De acordo com o presidente da União dos Moradores e do Comércio de Paraisópolis (UMCP), Gilson Rodrigues, lideranças da favela foram convocadas no fim da semana passada para a reunião ocorrida às 10h desta segunda-feira. O objetivo do encontro, que contou com a presença de conselheiros do conselho de urbanização do Paraisópolis, de um representante do gabinete do prefeito, e de técnicos das secretarias da Habitação e da Educação, seria o de discutir uma solução para o problema habitacional na favela. A prefeitura alegou que a reunião, na verdade, seria para expor as informações levantadas pela Secretaria Municipal de Habitação sobre as vítimas do incêndio.

"A gente foi [para o encontrro] achando que a reunião era para resolver e dar atendimento às famílias desabrigadas, mas a gente sentiu que a estratégia era mesmo tirar a gente [líderes] do Paraisópolis para fazer as famílias saírem do CEU", afirma Rodrigues.

O presidente da UMCP diz ainda que o encontro foi improdutivo.

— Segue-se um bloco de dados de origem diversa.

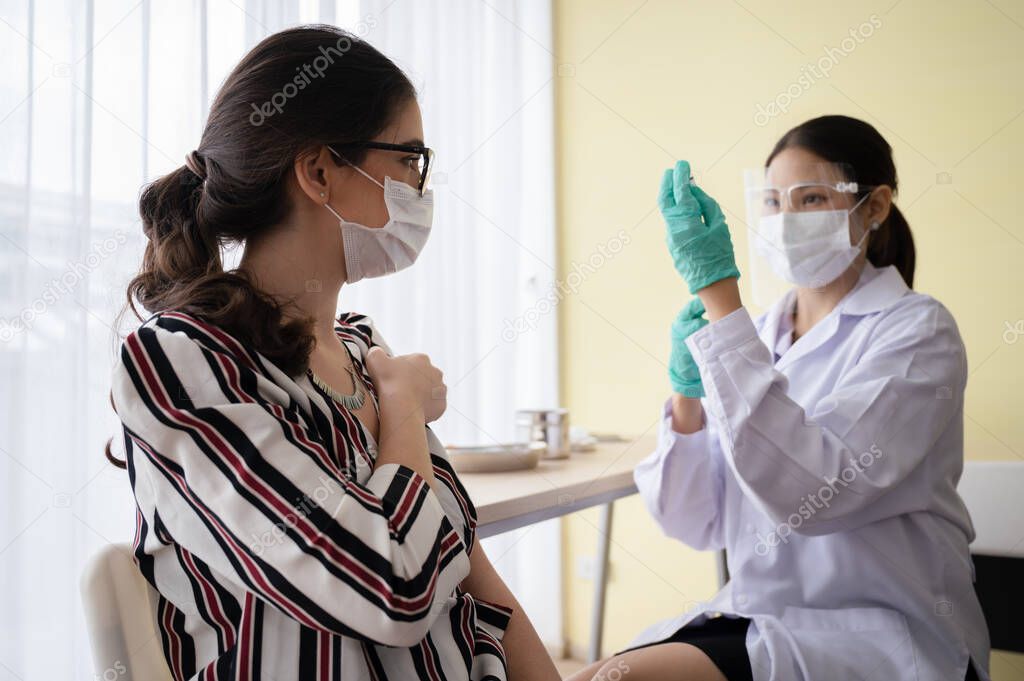 Female doctor or nurse wearing a mask, gloves and visor holds a syringe and coronavirus 19 vaccine, with a female sitting in laboratory waiting for injections vaccine. Concept of preventing COVID-19.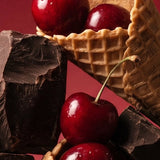 Close-up of Stars + Honey Cherry Chocolate Waffle Cone collagen protein bar with cherry, chocolate and waffle cone pieces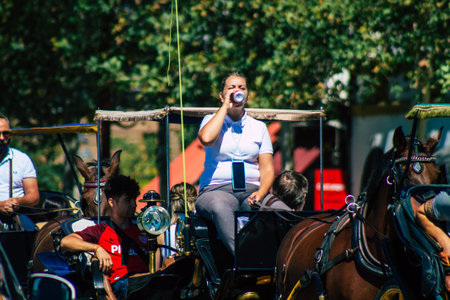 Seville Spain September 18, 2021 Horse drawn carriage ride through the streets of Seville during the coronavirus outbreak hitting Spain, wearing a mask is mandatoryのeditorial素材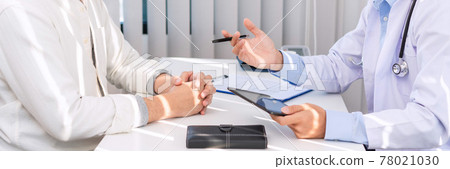 Medical concept a smart male doctor wearing a mask consulting with patient about how to recover from Coronavirus outbreak (COVID-19) at his modern clinic 78021030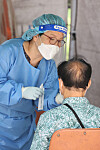 A man gets tested for Covid-19 at a makeshift testing camp in Daegu on Monday. The daily number of people newly infected with the virus has been rapidly increasing recently. Last week, the daily average number of people infected with the virus amounted to 45,529, a 17 percent increase from the previous week. Additionally, there were three days last week where the number of newly infected people was above 50,000, which was a first in six months. [NEWS1]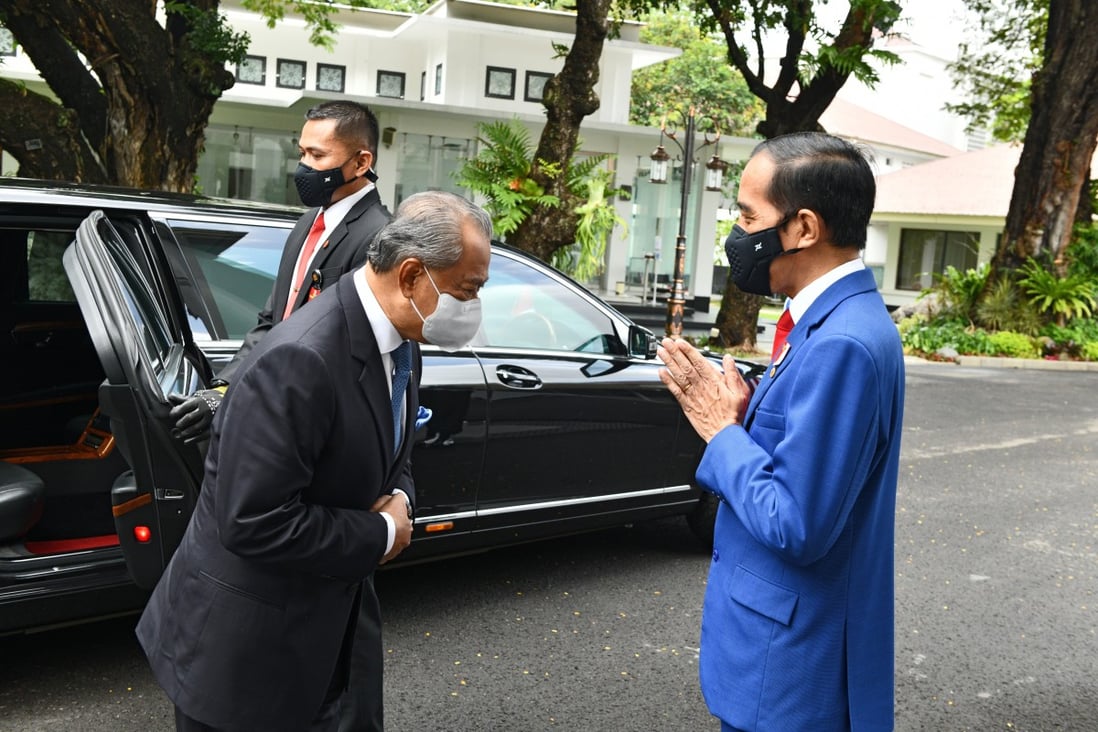 Malaysian Prime Minister Muhyiddin Yassin, left, greeting Indonesian President Joko Widodo before their meeting last week in Jakarta. Some Malaysians have speculated that the new coronavirus exemption order was implemented for Muhyiddin’s benefit. Photo: EPA-EFE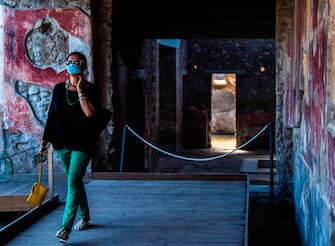 A visitor wearing a face mask walks across the archeological site of Pompeii on May 26, 2020, as the country eases its lockdown aimed at curbing the spread of the COVID-19 infection, caused by the novel coronavirus. - Italy's world-famous archeological site Pompeii reopened to the public on May 26,bBut with foreign tourists still prohibited from travel to Italy until June, the site that attracted just under 4 million visitors in 2019 is hoping that for now, Italian tourists can make up at least a fraction of the difference. (Photo by Tiziana FABI / AFP) (Photo by TIZIANA FABI/AFP via Getty Images)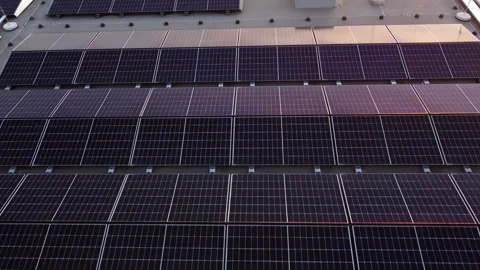 Aerial angled pullback of solar panel array, organized photovoltaic cells on Stock Footage 305056612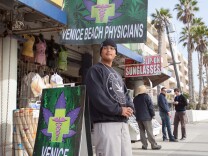 Michael Vides waits for potential patients outside of Venice Beach Physicians.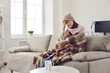 © Studio Romantic - Sick woman who has fever looks frustrated at thermometer which again shows high temperature. Worried woman sitting at home on sofa wrapped in plaid, scarf and wearing hat. Concept of viral infection.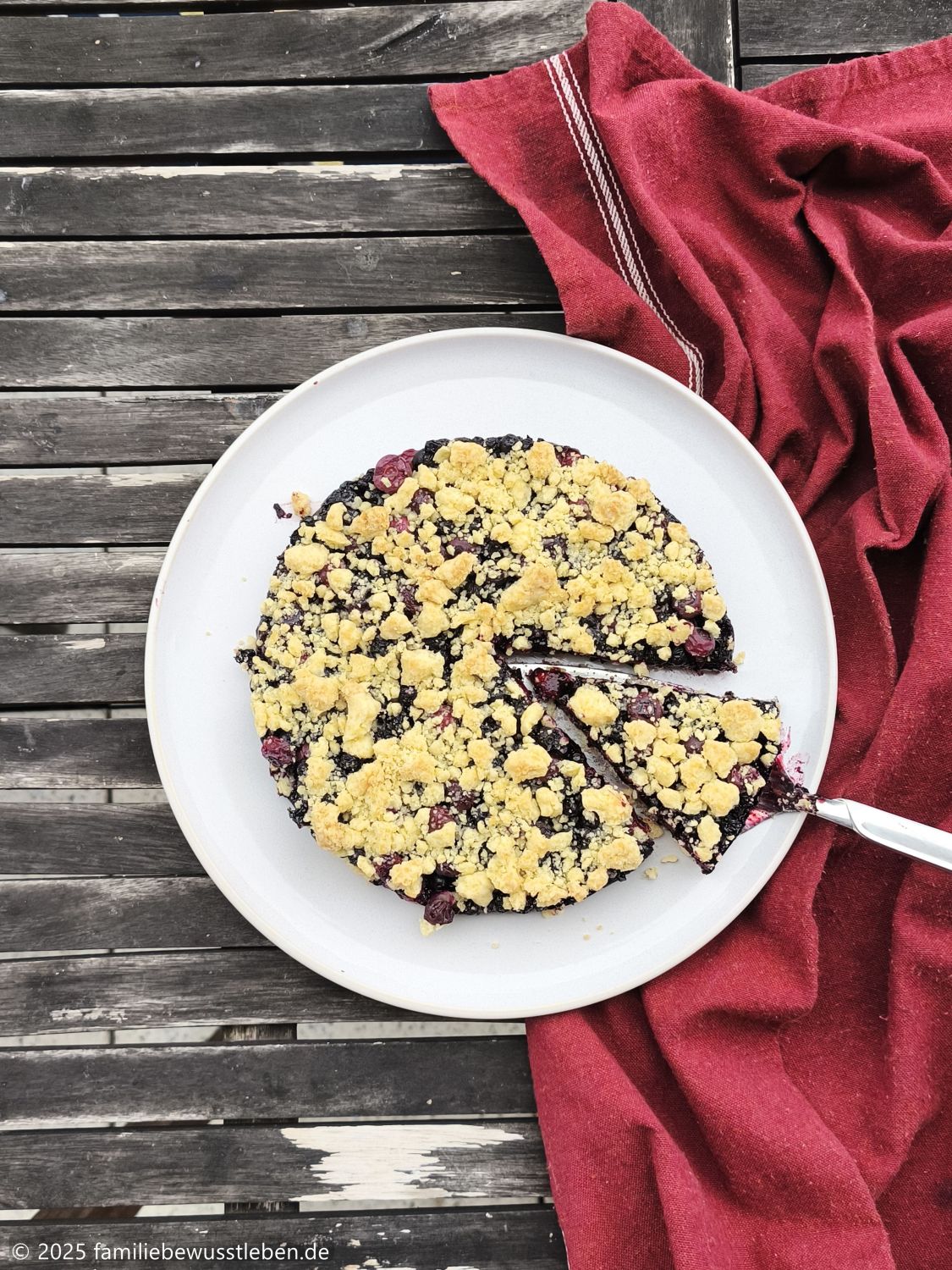 Draufsicht auf Blaubeerkuchen mit Streuseln. Ein Stück ist bereits angeschnitten und wird mit einem Kuchenheber genommen. Ein dunkelrotes Küchenhandtuch liegt neben dem hellen Kuchenteller.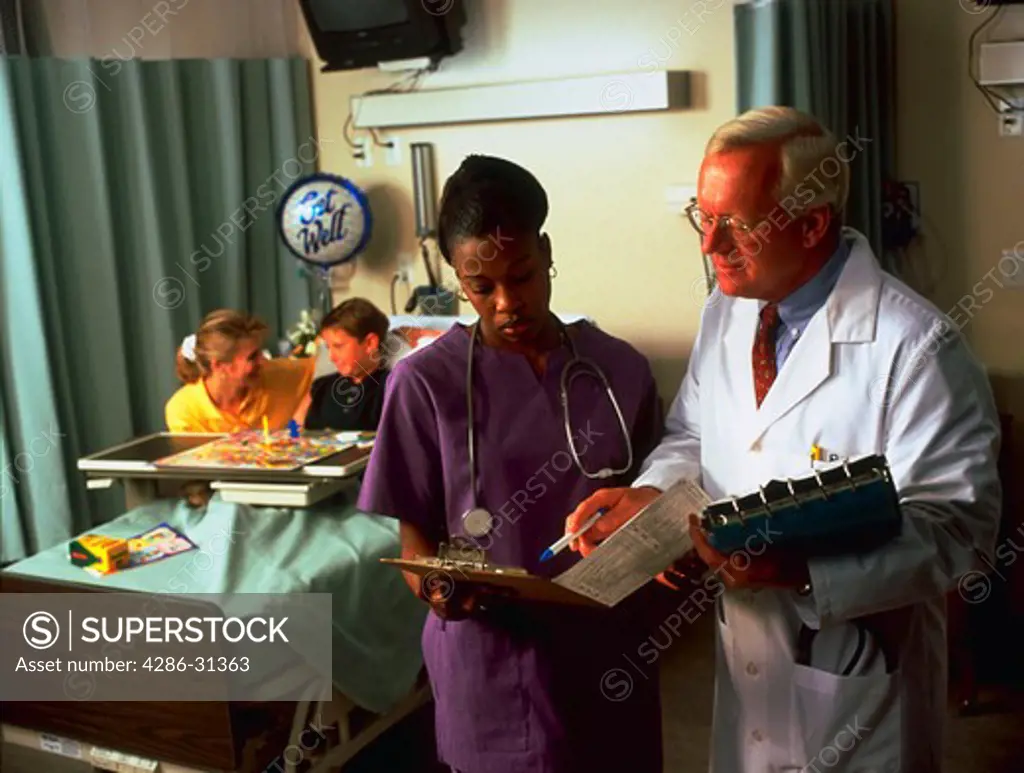A nurse and doctor review a patients chart while a young boy in a hospital bed and his mother play a board game in the background.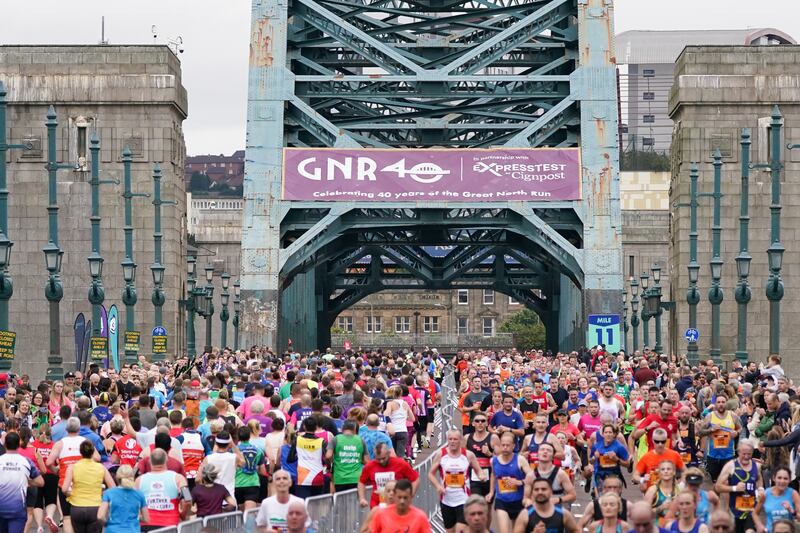 The Great North Run, which was cancelled in 2020 due to the Covid-19 pandemic, was held with several coronavirus safety measures in place, including route changes, staggered start times and hand sanitiser stations. Getty Images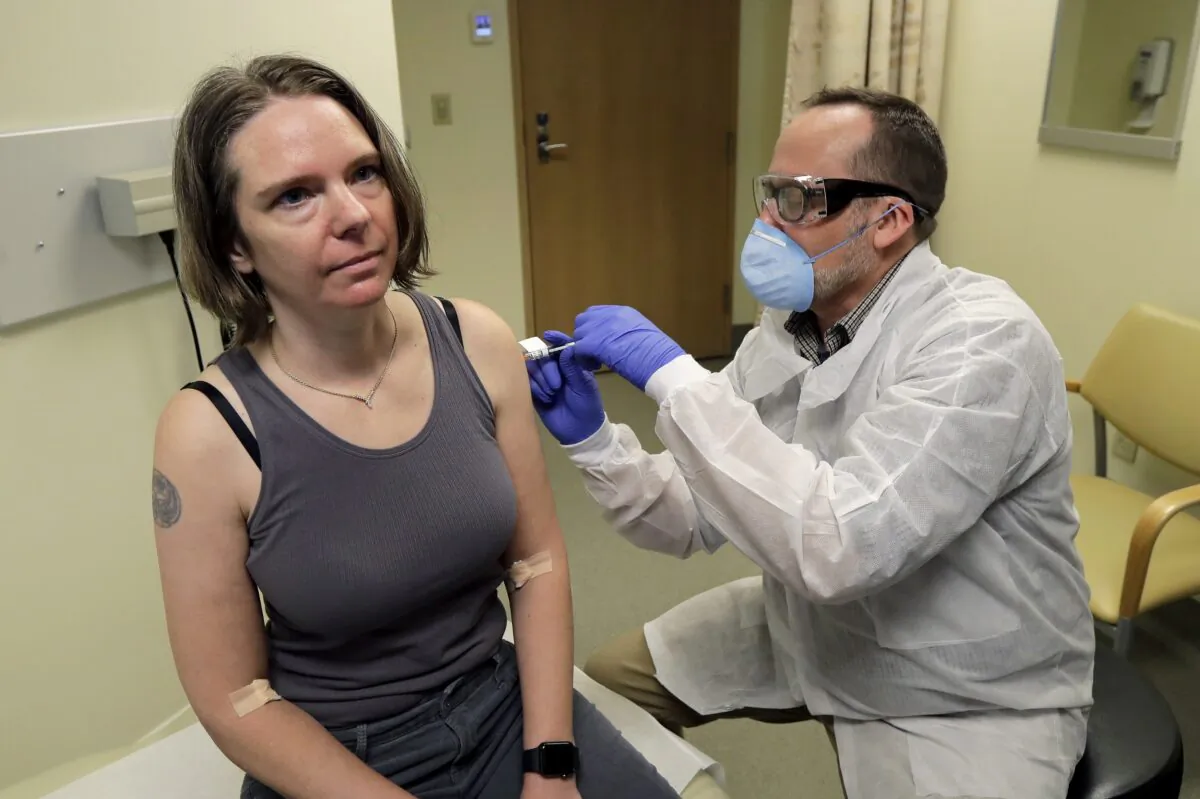 A pharmacist gives Jennifer Haller the first shot in the first-stage safety study clinical trial of a potential vaccine for the CCP virus, at the Kaiser Permanente Washington Health Research Institute in Seattle on March 16, 2020. The vaccine was developed by Moderna. (Ted S. Warren/AP Photo)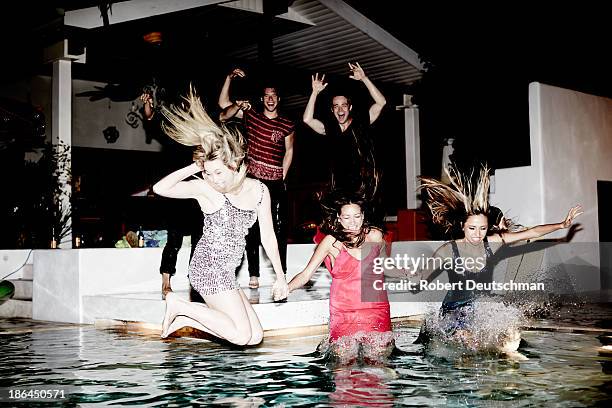 friends dressed up jumping into the pool at night. - glamour fotografías e imágenes de stock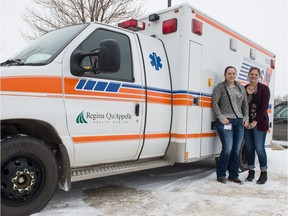 Paramedics Robin Focht, left, and Sarah Erickson stand in front of an ambulance outside of the General Hospital. The Saskatchewan Health Authority has signed on for some new training for Regina area paramedics to increase access to palliative care in home for patients and families as part of a bigger initiative funded and organized by The Canadian Partnership Against Cancer and the Canadian Foundation for Healthcare Improvement.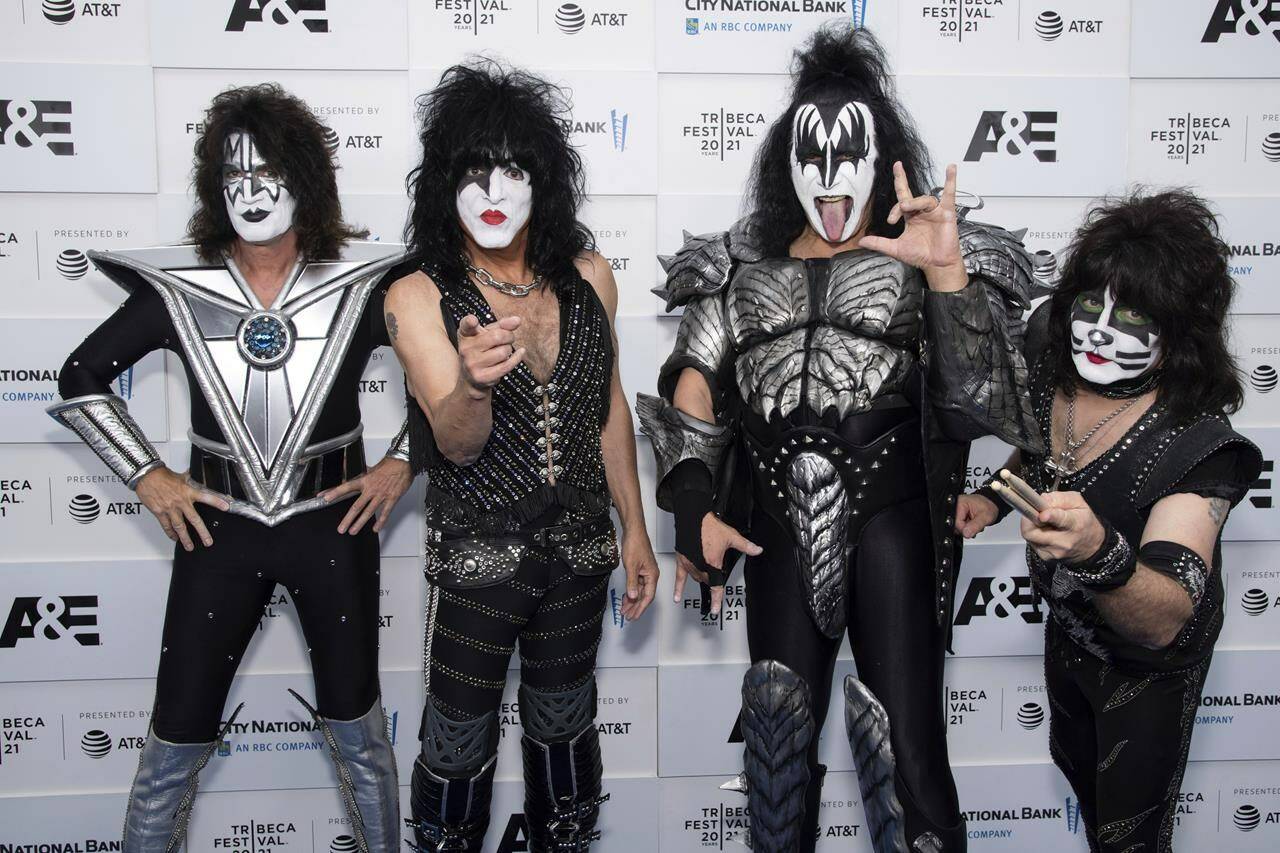 FILE - Members of the band Kiss, from left, Tommy Thayer, Paul Stanley, Gene Simmons and Eric Singer attend the premiere of A&E Network’s “Biography: KISStory” in New York on June 11, 2021. Kiss have announced the final shows of their last tour, planning to hang up their platform boots after two back-to-back shows at Madison Square Garden in New York at the end of 2023. (Photo by Charles Sykes/Invision/AP, File)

Ele conta que abandonou a convesa por causa das mensagens que recebia de moradores relatando o fechamento do CEU. "A reunião não era para tentar resolver o problema. Começaram a nos questionar sobre pessoas que não eram da comunidade e estavam tentando conseguir moradia. Enquanto isso, os moradores estavam ligando desesperados. Pedimos para que checassem o que estava acontecendo, e aí a gente foi obrigado a sair da reunião para preservar e ajudar os moradores", relata Rodrigues.

As famílias que estão abrigadas no CEU Paraisópolis possuem um crachá de identificação e, embora não impedissem o desenvolvimento das atividades regulares do centro educacional, estavam proibidas de receber visitas e doações no local. Apesar dessa restrição, a entrada e saída dos ocupantes nunca havia sido regulada até esta segunda-feira.

Os integrantes da UMCP ameaçam fazer um protesto em frente à sede da prefeitura paulistana nesta terça-feira (6) para cobrar uma solução para o problema.